Address: One Rockefeller Plaza          Address: One Rockefeller Plaza
         Suite 1430                              Suite 1430
         New York, NY 10020                      New York, NY 10020


                 CORPORATE CERTIFICATE-BORROWING



I HEREBY CERTIFY to MORGAN GUARANTY TRUST COMPANY OF NEW YORK that at a
meeting of the Board of Directors of Harris & Harris Group, Inc., a
corporation organized under the laws of New York, duly called and held on the
24th day of December, 1997, the following resolutions were duly adopted and
are now in full force and effect:

RESOLVED, that any (specify number) two of the following officers or
designated signers of this corporation.

     (In this space officers and other persons authorized to sign must be
identified by name or title.  It is suggested that titles, instead of names 
of officers be used unless it is desired that only certain officers of
given rank may sign.  The names of all those listed by title must appear 
below in the certified list of officers.)
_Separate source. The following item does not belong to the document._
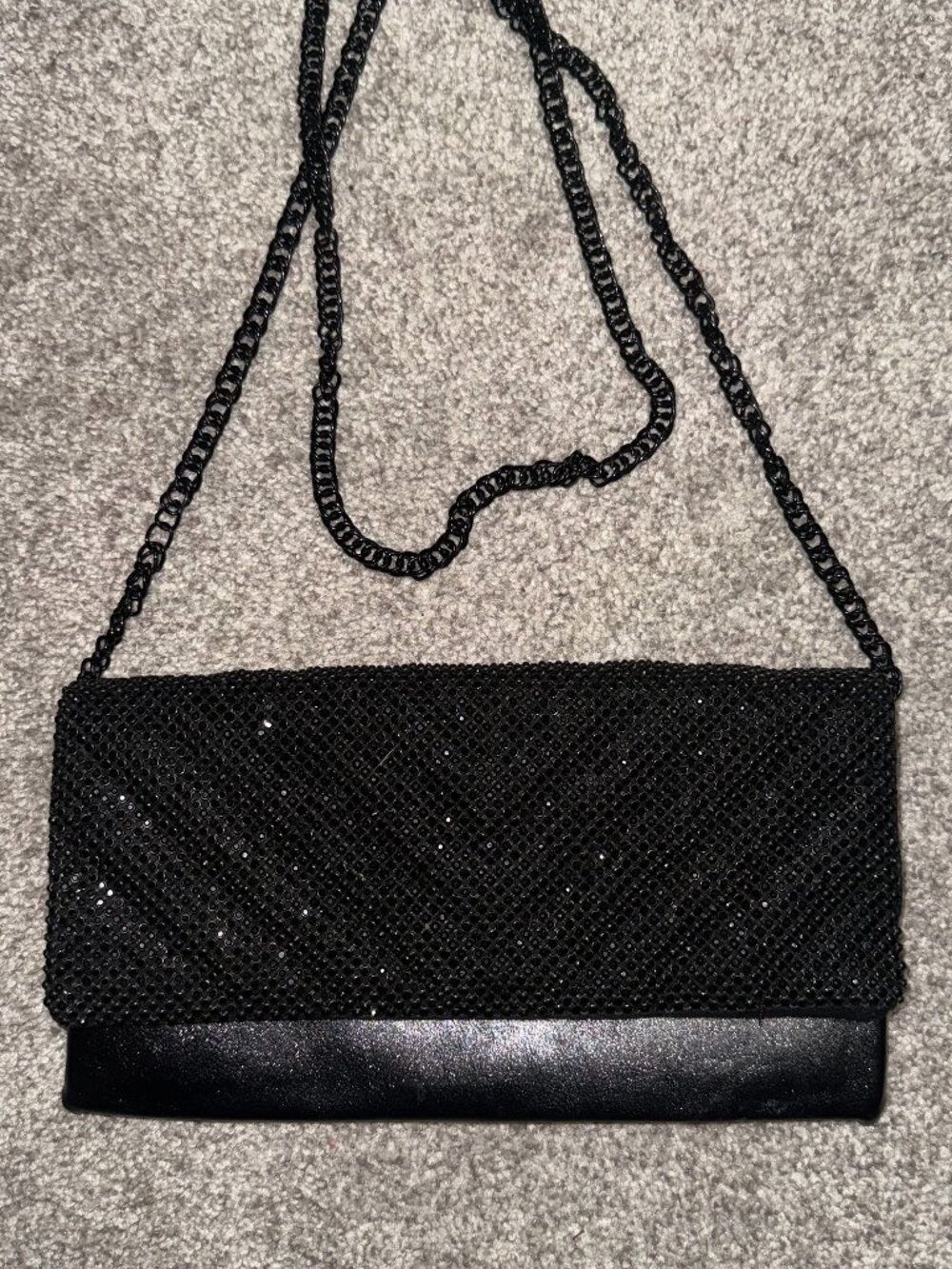 Steve Madden Rhinestone Evening Bag Chain Strap Clutch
     Charles E. Harris                  Chairman, Chief Executive Officer &
                                        Chief Compliance Officer

     Mel P. Melsheimer                  President, Chief Operating Officer &
                                        Chief Financial Officer

     Rachel M. Pernia                   Vice-President, Treasurer, Controller
                                        & Secretary

are authorized:

     1.  To borrow from time to time, on behalf of this corporation, from
MORGAN GUARANTY TRUST COMPANY OF NEW YORK such sums of money, for such periods
of time and upon such terms as may to them in their discretion seem advisable;
and, to execute in the name and on behalf of this corporation notes, drafts,
acceptances or other obligations of this corporation to evidence such
borrowings; and, to enter into agreements, and amendments to such agreements,
in the name and on behalf of this corporation with MORGAN GUARANTY TRUST
COMPANY OF NEW YORK with respect to such borrowings, said agreements and
amendments to contain such provisions as the signer shall approve and his or
her signature thereon shall be conclusive evidence of such approval;

     2.  to discount with MORGAN GUARANTY TRUST COMPANY OF NEW YORK any
bills or notes receivable held by this corporation upon such terms as they may
deem proper, with full authority to endorse the same in the name of this
corporation;

     3.  to apply for and obtain from MORGAN GUARANTY TRUST COMPANY OF NEW
YORK letters of credit and to execute applications, agreements, trust receipts
and all other documents in connection therewith;

     4.  to execute and deliver, in their discretion, all guarantees,
indemnity agreements and other undertakings on behalf of this corporation; and

     5.  to pledge any of the bonds, stocks or other securities, bills
receivable, bills of lading, warehouse receipts, accounts receivable or other
property of this corporation, for the purpose of securing any of the foregoing
transactions or any transaction entered into by any other entity or person, to
endorse said securities and/or to issue appropriate powers of attorney,
documents or assignments in furtherance thereof.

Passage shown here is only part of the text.